Kekuatan Dahsyat Dari Allah
Sumber gambar: http://tipsyoman.blogspot.com/ |
Mimpi, sebuah kata yang sangat
mudah untuk diucapkan namun sangat susah untuk diwujudkan. Bahkan, bagi
sebagian orang mimpi adalah sebuah api yang berkobar dan menyala, namun
kobarannya hanya sesaat dan tidak bertahan lama. Itulah alasan mengapa banyak
orang yang begitu bersemangat untuk mewujudkan mimpi dan harapannya dan
kemudian ia tidak melanjutkan mimpinya atau pindah kepada hal lain karena dia
rasa mimpinya hanyalah harapan yang tidak mungkin , tidak rasional, atau bukan
takdir bagi dia.
Meskipun
demikian, tidak semua orang memiliki pandangan demikian. Ada pula orang yang
tetap kukuh bertahan dengan cita citanya meskipun itu susah. Pringga adalah
salah satu dari kesekian orang tersebut.
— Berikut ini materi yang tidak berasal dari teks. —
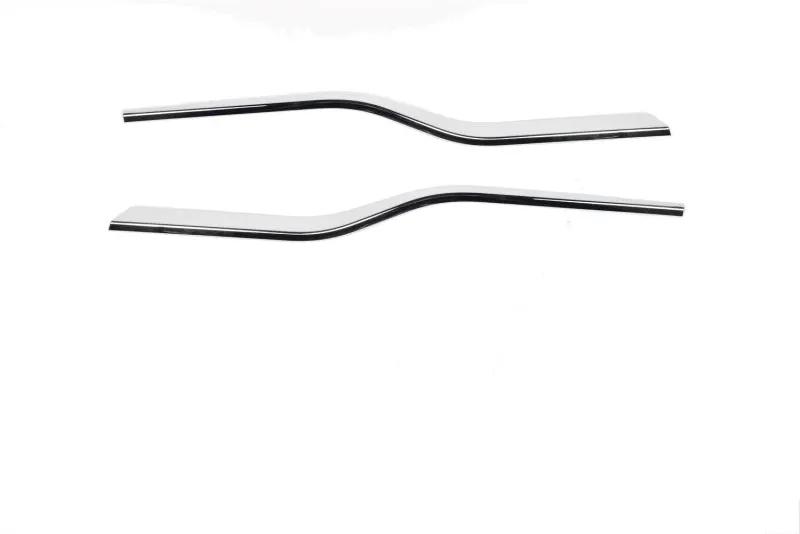 Putco PUT Window Trim Accents by Putco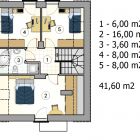 Māja  AT-173 by labamaja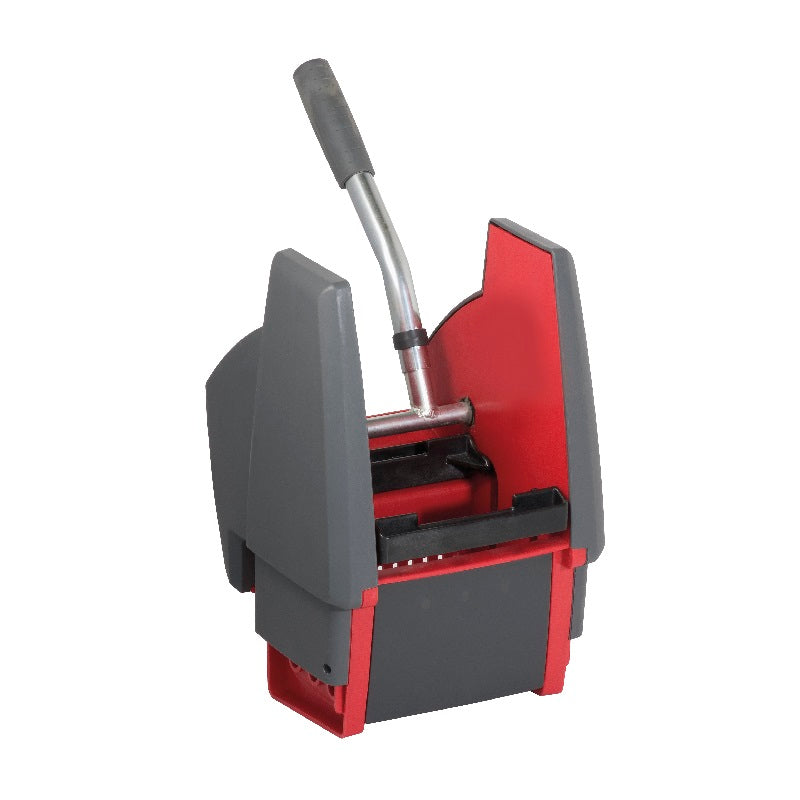 Oates Ezy Ergo Press Wringer - Red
Terlahir dari keluarga yang biasa
biasa, Pringga bercita cita ingin melanjutkan ke fakultas kedokteran di salah
satu universitas negeri di Kota Malang. Bagi kebanyakan orang termasuk penulis
sendiri waktu itu, mimpi Pringga terbilang cukup bernyali sekali, pasalnya
Pringga adalah siswa yang kurang bias dalam pelajaran eksak, terutama
matematika dan fisika. Padahal untuk
dapat menembus tes masuk perguruan tinggi negeri saingannya cukup ketat,
terutama fakultas-fakultas yang diminati seperti fakultas kedokteran. Sehingga,
kemampuan akademik sangat menunjang untuk keberhasilan dalam tes. Tidak hanya
itu, fakultas kedokteran tergolong fakultas dengan biaya yang terbilang mahal.
Bagi
Pringga, prediksi prediksi tersebut tidak menjadikannya patah semangat.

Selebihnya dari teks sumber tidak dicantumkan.